Suçlu bizdense hüküm başkadır da demiyorlar. Bu tür ırkçılık, soykırım, işkence gibi suçların üstüne kararlılıkla gidiyorlar ve bu konuda istisna tanımıyorlar. Benzer suçların tekrar işlenmemesi için büyük bir kararlılık gösteriyorlar. Zira biliyorlar ki, bu tür suçlar veya saikleri bir hastalık gibi. Ufak bir boşlukta tekrar nüksedebilir. Sürekli tetikte olmak gerekir. Nitekim, bunun acısını ve ülke olarak neye mal olduğunu en iyi kendileri biliyorlar.

Bu yüzden de burada yargılanan bir nevi prensipler aslında.

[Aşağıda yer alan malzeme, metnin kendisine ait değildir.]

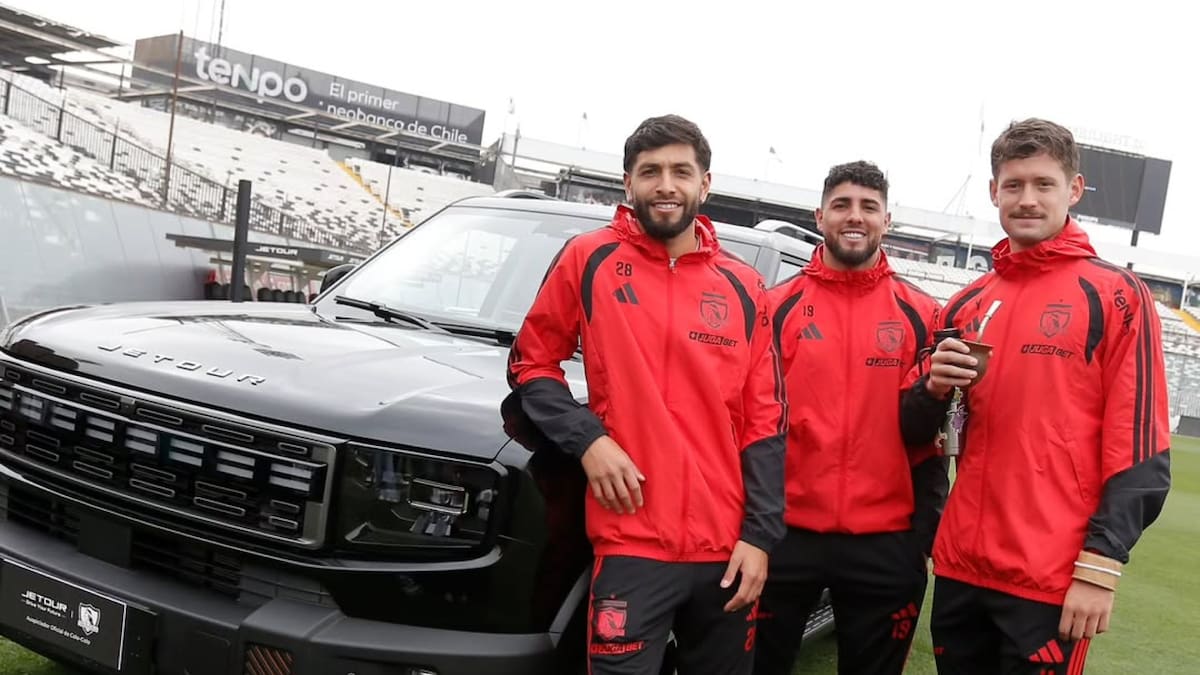 Y ayuda con el alza de la bencina: esto cuestan los autos que le regalaron a los jugadores de Colo Colo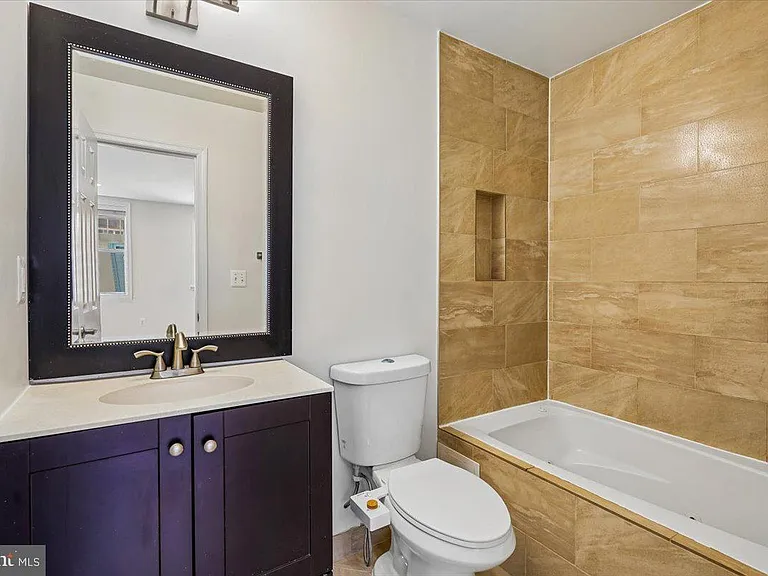 1339 C St NE — Photo 15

Yani dava sembolik bir mana da taşıyor denebilir. Yargılama bittikten sonra bu mahkûmun şahsi durumu ayrı konuşulur, o insani yön.

Zaten davanın ilk duruşmasında da yaşından ötürü olsa gerek hatırlamıyorum, suçsuzum dedi. Ama insanlığa karşı işlenmiş suçlarda zaman aşımı, hastalık, yaşlılık vs. gibi gerekçeler işlemiyor.

Diğer bir husus ise, demokrasinin olmazsa olmazı olan mahkemenin bağımsız tutumu. Hiçbir baskıya boyun eğmeyen tavrı.

Elbette mahkumun genel durumu dikkate alınıyor ama yaşanmış bunca insanlık dışı cinayetler ortada iken, zulmün şahitlerinden bazıları hala hayatta ve acıları da hala taze iken, o katledilen, gaz odalarında öldürülen, evinden yurdundan edilen, toplama kamplarında eziyet gören, sürgünlerde vatan ve aile hasreti ile ömür tüketen milyonlarca insanın çocukları bu acıyı derinden hissetmeye devam ediyor iken toplum vicdanını rahatlatmak da mahkemenin öncelikle dikkat ettiği hususlardan biridir diye düşünüyorum.

Sosyal acılar böyledir zaten. Açılan yaralar zor kapanır. O meşum olayların mağdurları, hem varsa bizzat yaşayanların kendileri, yoksa da onların kuşaktan kuşağa aktarılan hikayeleri ile büyüyen çocukları ve torunları vicdanen bu travmayı, acıları yaşamaya devam ederler, yüreklerini ancak adaletin yerini bulması tatmin edebilir, o da belli bir oranda.

Fakat, bu tür mahkumiyetlerin sadece Almanya’ya bakan yönü yok elbette. Dünyanın her tarafında dünden bugüne yaşanan, yaşanmaya devam eden haksızlıklar, zulümler ve cinayetler var. Bunları işleyenler yani failler, oluşturdukları bozuk düzenler sayesinde, güçleri yettiği müddetçe halkı yanlarına hukuku da yedeklerine alarak, sanki yaptıkları yanlarına kalacakmış, hiç hesabını vermeyeceklermiş gibi davranabilirler, ama işte bu örnekte olduğu gibi aradan yıllar geçse de adalet daha bu dünyada iken tecelli edebilir. Ahiretin hesabı ise inanan insanlar için çok daha acı olsa gerek.